Sunday, October 16, 2016

Machine Learning vs. Econometrics, III

I emphasized here that both machine learning (ML) and econometrics (E) prominently feature prediction, one distinction being that ML tends to focus on non-causal prediction, whereas a significant part of E focuses on causal prediction. So they're both focused on prediction, but there's a non-causal vs. causal distinction.  [Alternatively, as Dean Foster notes, you can think of both ML and E as focused on estimation, but with different estimands.  ML tends to focus on estimating conditional expectations, whereas the causal part of E focuses on estimating partial derivatives.]

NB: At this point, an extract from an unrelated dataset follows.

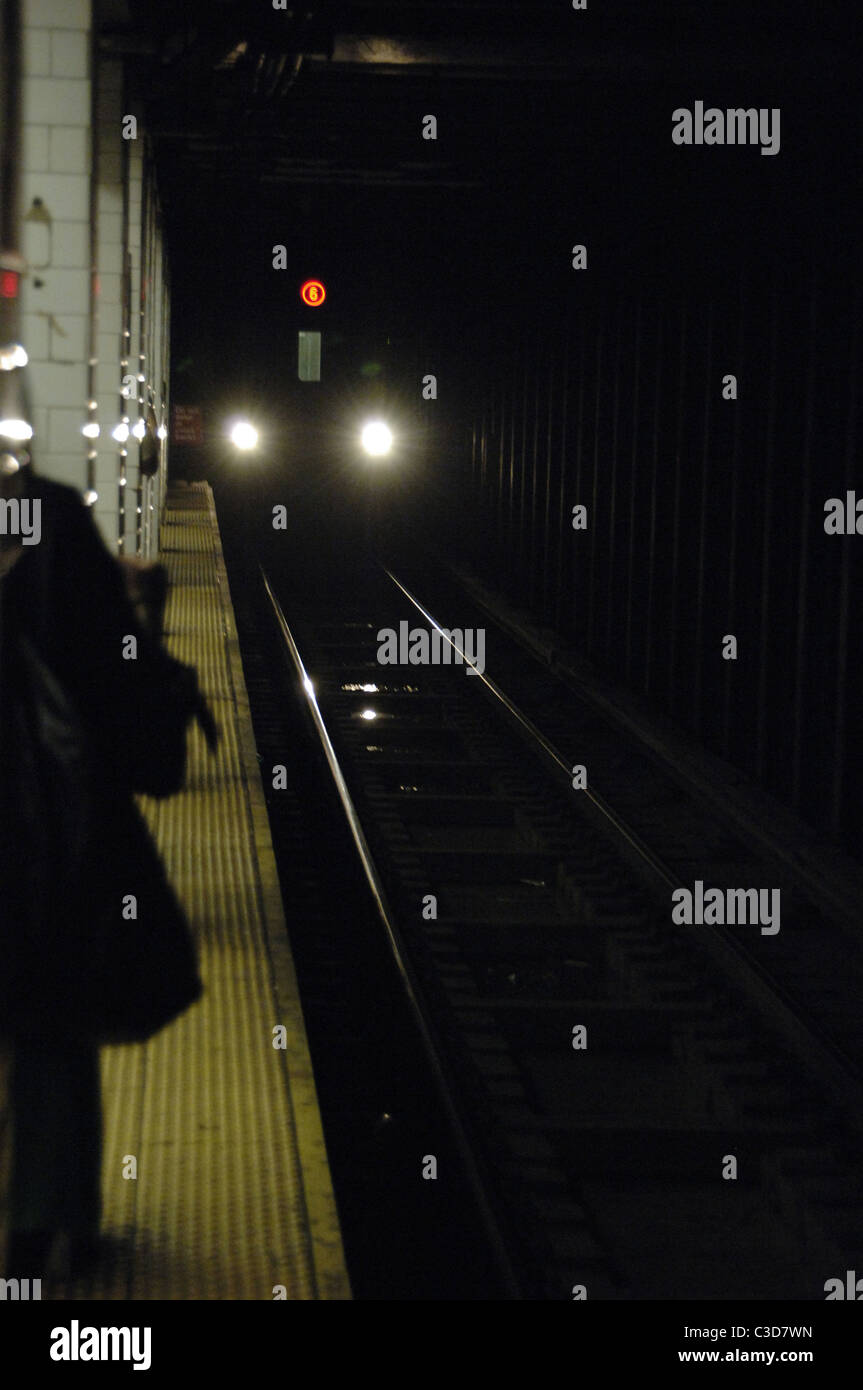 La metropolitana. Il convoglio arriva a finecorsa. New York. Stati Uniti. Foto Stock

In any event, there's another key distinction between much of ML and Econmetrics/Statistics (E/S):   E/S tends to be more concerned with probabilistic assessment of uncertainty.  Whereas ML is often satisfied with point forecasts, E/S often wants interval, and ultimately density, forecasts.

There are at least two classes of reasons for the difference.

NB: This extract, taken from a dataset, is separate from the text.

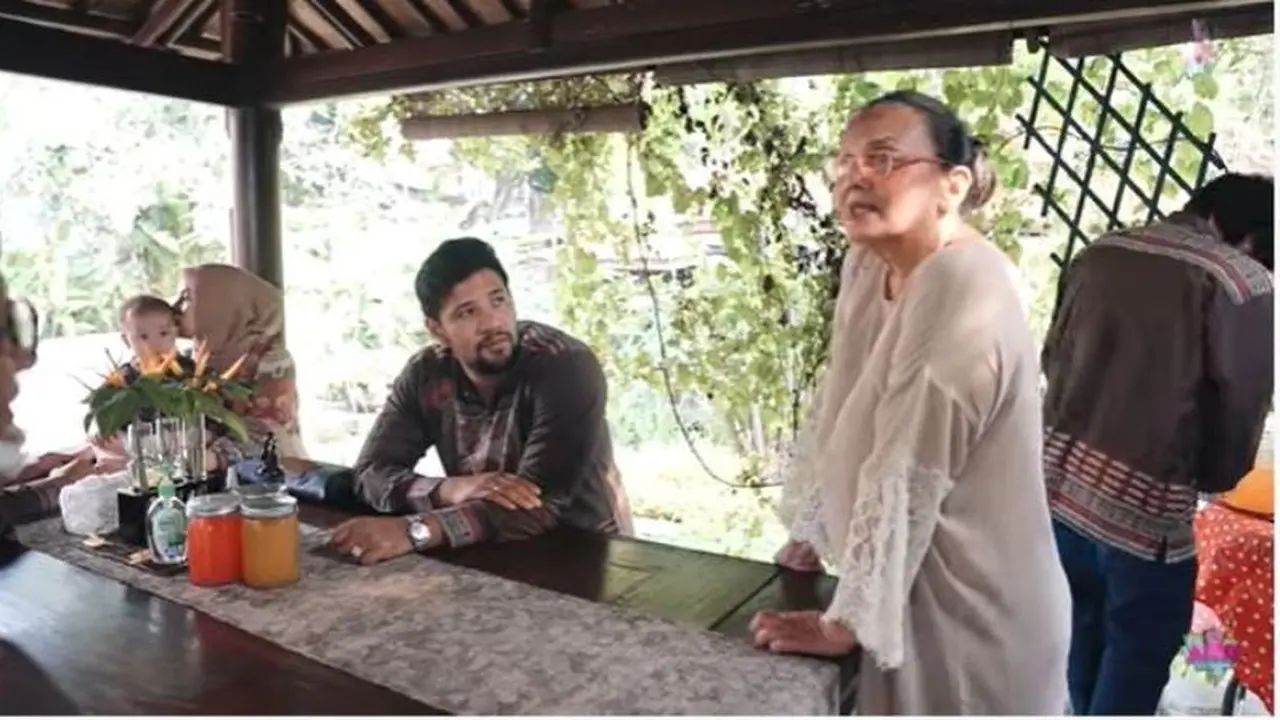 Menengok Halaman Rumah Christine Hakim bak Restoran Bernuansa Alam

First, E/S recognizes that uncertainty is often of intrinsic economic interest.  Think market risk, credit risk, counter-party risk, systemic risk, inflation risk, business cycle risk, etc.

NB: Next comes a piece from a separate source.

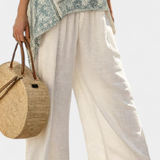 Annalisa – comfortabele bedrukte blouse en witte wijde broek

Second, E/S is evidently uncomfortable with ML's implicit certainty-equivalence approach of simply plugging point forecasts into decision rules obtained under perfect foresight.  Evidently the linear-quadratic-Gaussian world in which certainty equivalence holds resonates less than completely with E/S types.  That sounds right to me.  [By the way, see my earlier piece on optimal prediction under asymmetric loss.]

Monday, October 10, 2016

Machine Learning vs. Econometrics, II

My last post focused on one key distinction between machine learning (ML) and econometrics (E):   non-causal ML prediction vs. causal E prediction.  I promised later to highlight another, even more important, distinction.  I'll get there in the next post.

But first let me note a key similarity.  ML vs. E in terms of non-causal vs. causal prediction is really only comparing ML to "half" of E (the causal part).  The other part of E (and of course statistics, so let's call it E/S), going back a century or so, focuses on non-causal prediction, just like ML.  The leading example is time-series E/S.  Just take a look at an E/S text like Elliott and Timmermann (contents and first chapter here; index here).  A lot of it looks like parts of ML.  But it's not "E/S people chasing ML ideas"; rather, E/S has been in the game for decades, often well ahead of ML.

For this reason much of E/S crowd views "ML" and "data science" as the same old wine in a new bottle.  (The joke goes, Q: What is a data scientist?  A: A statistician who lives in San Francisco.)  ML/DataScience is not the same old wine, but it's a blend, and a significant part of the blend is indeed E/S.

To be continued...

Sunday, October 2, 2016

Machine Learning vs. Econometrics, I

[If you're reading this in email, remember to click through on the title to get the math to render.]

Machine learning (ML) is almost always centered on prediction; think "$$\hat{y}$$".   Econometrics (E) is often, but not always, centered on prediction.  Instead it's also often interested on estimation and associated inference; think "$$\hat{\beta}$$".

Or so the story usually goes. But that misses the real distinction. Both ML and E as described above are centered on prediction.  The key difference is that ML focuses on non-causal prediction (if a new person $$i$$ arrives with covariates $$X_i$$, what is my minimium-MSE guess of her $$y_i$$?), whereas the part of econometrics highlighted above focuses on causal prediction (if I intervene and give person $$i$$ a certain treatment, what is my minimum-MSE guess of $$\Delta y_i$$?).
It just happens that, assuming linearity, a "minimum-MSE guess of $$\Delta y_i$$" is the same as a "minimum-MSE estimate of $$\beta_i$$".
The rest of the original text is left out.